## Requirement
Print the whole listing again exactly as it stands, leaving out any images.

## Dataset extract
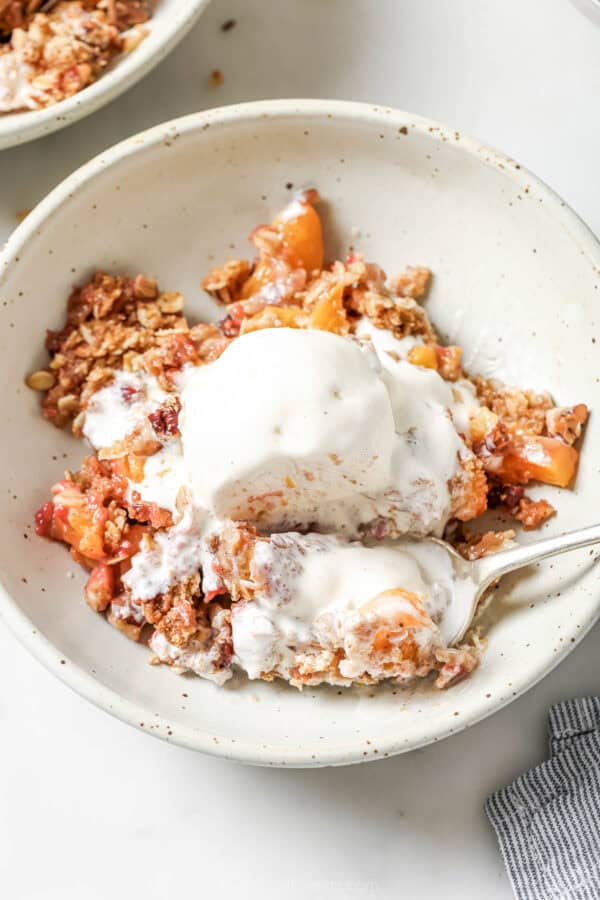 Raspberry peach crisp bowl with scoop of vanilla ice cream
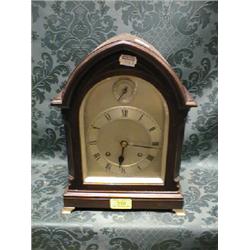 A 20thC.. mahogany bracket clock of arched form with string inlay and  brass bracket feet, silver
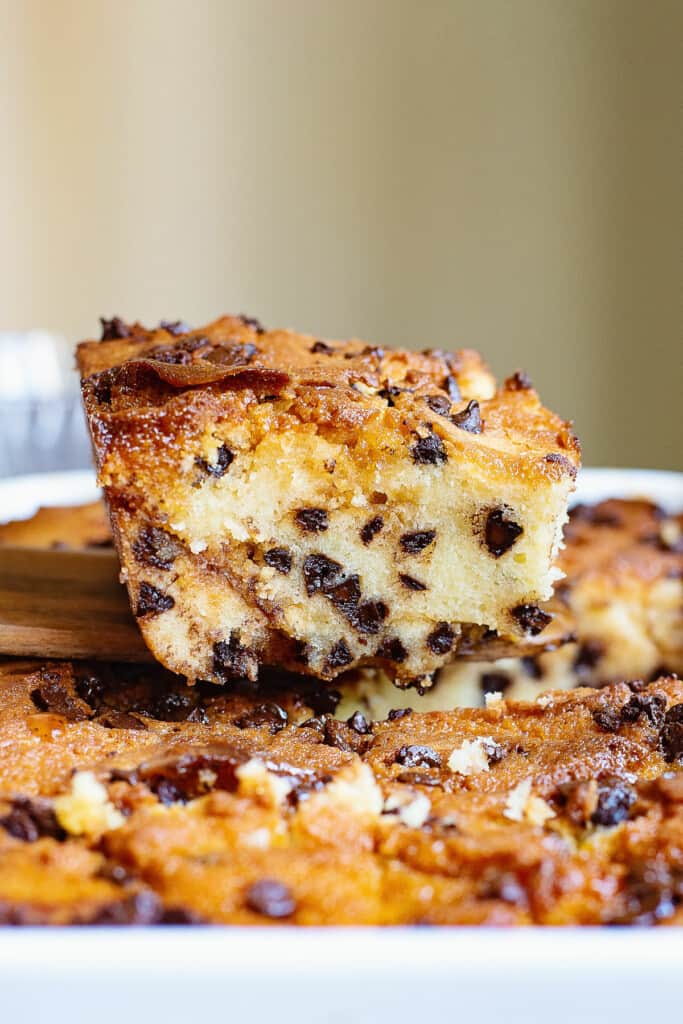 slice of chocolate chip coffee cake over pan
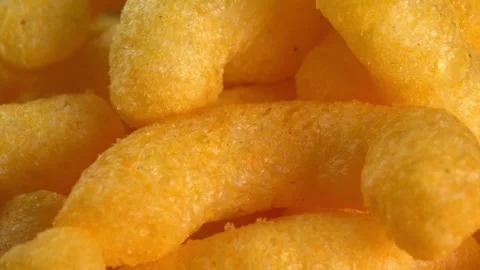Cheesy corn chips rotates in macro. Crispy cheese snack. Crispy fluffy corn Stock Footage 256717282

## Response to the exercise
 Raspberry peach crisp bowl with scoop of vanilla ice cream
 A 20thC.. mahogany bracket clock of arched form with string inlay and  brass bracket feet, silver
 slice of chocolate chip coffee cake over pan
Cheesy corn chips rotates in macro. Crispy cheese snack. Crispy fluffy corn Stock Footage 256717282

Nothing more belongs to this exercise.